Fisherfolk calls Cimatu’s order on protected areas “anti-environment”

Fisherfolk calls Cimatu’s order on protected areas “anti-environment”

PHILIPPINES-IRAQ-DEFENCE
Retired armed forces chief, Roy Cimatu (L), head of the Philippines’ Iraqi crisis management team, confers with National Security Adviser Roilo Golez during a briefing at the National Security Council in suburban Quezon, north of Manila, 11 March 2003. Cimatu has instructed the Philippine embassy staff in Baghdad to relocated to Amman in Jordan amid signs of an imminent US-led war on Iraq.
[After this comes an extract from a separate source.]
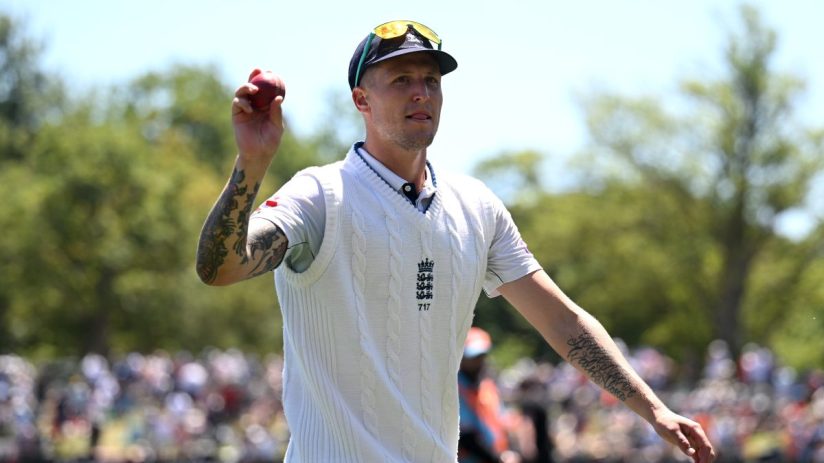 Brydon Carse took combined figures of 10 for 106 to power England to an eight-wicket victory in New Zealand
AFP PHOTO/JAY DIRECTO / AFP PHOTO / JAY DIRECTO

Manila, Philippines – Environment Secretary Roy Cimatu has earned the ire of the activist fisherfolk group Pambansang Lakas ng Kilusang Mamamalakaya ng Pilipinas (PAMALAKAYA-Pilipinas) over the resumption of the special use agreement for protected areas (SAPA), saying this opens the floodgates for environmental destruction to the country’s pristine protected areas.

SAPA allows protected areas such as strict nature reserve, natural park, natural monument, wildlife sanctuary, protected landscapes and seascapes to be used for agroforestry, ecotourism, communication and power facilities, irrigation canals, aquaculture, and for weather and other scientific monitoring facilities.
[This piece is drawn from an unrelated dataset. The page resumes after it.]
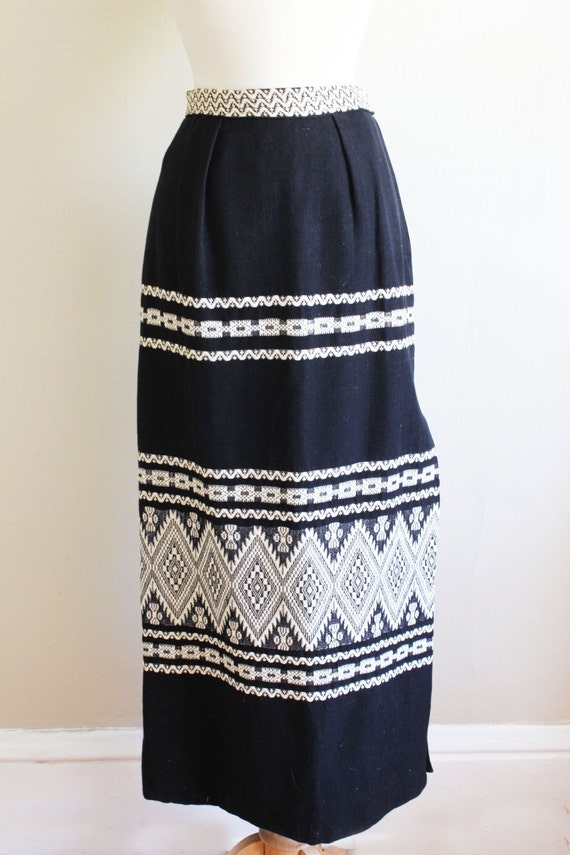 Vintage Lanza Mex Black & White Woven Chevron Max… - image 2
The Department of Environment and Natural Resources (DENR) in 2011 suspended the issuance of SAPA.

In a statement, PAMALAKAYA National Chairperson Fernando Hicap said the lifting of the suspension of SAPA lays open our preserved areas such as forest and marine zones to corporate activities that pose environmental disaster.
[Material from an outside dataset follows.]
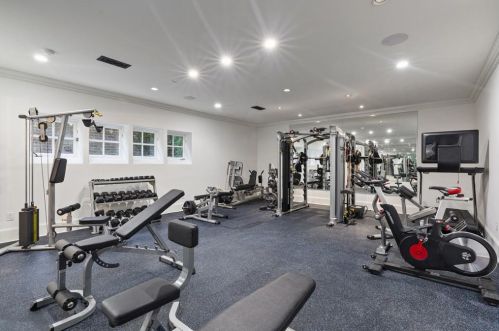 2860 Habersham Rd, Atlanta GA  30305-2959 exterior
With the resumption of issuance of SAPA, protected areas will be more vulnerable to various forms of corporate plunder embedded with environmental destruction. It will further the conversion of preserved marine areas into mere ecotourism zones and private aquaculture farms,”

“What Cimatu did was far from being a top environment chief for exposing delicate protected areas to unrestrained commercialization and privatization. He is now actually the number one destroyer of our environment, being an instrument of environmental plunderers to legally carry out large-scale projects at the expense of our environment and socio-economic lives of grassroots stakeholders such as fisherfolk and farmers,” Fernando Hicap, PAMALAKAYA Chairperson said in a statement.

As of 2013, there were 240 protected areas covering 4.07 million hectares of terrestrial areas and 1.38 million hectares of marine areas managed by the National Integrated Protected Areas System (NIPAS) under the DENR.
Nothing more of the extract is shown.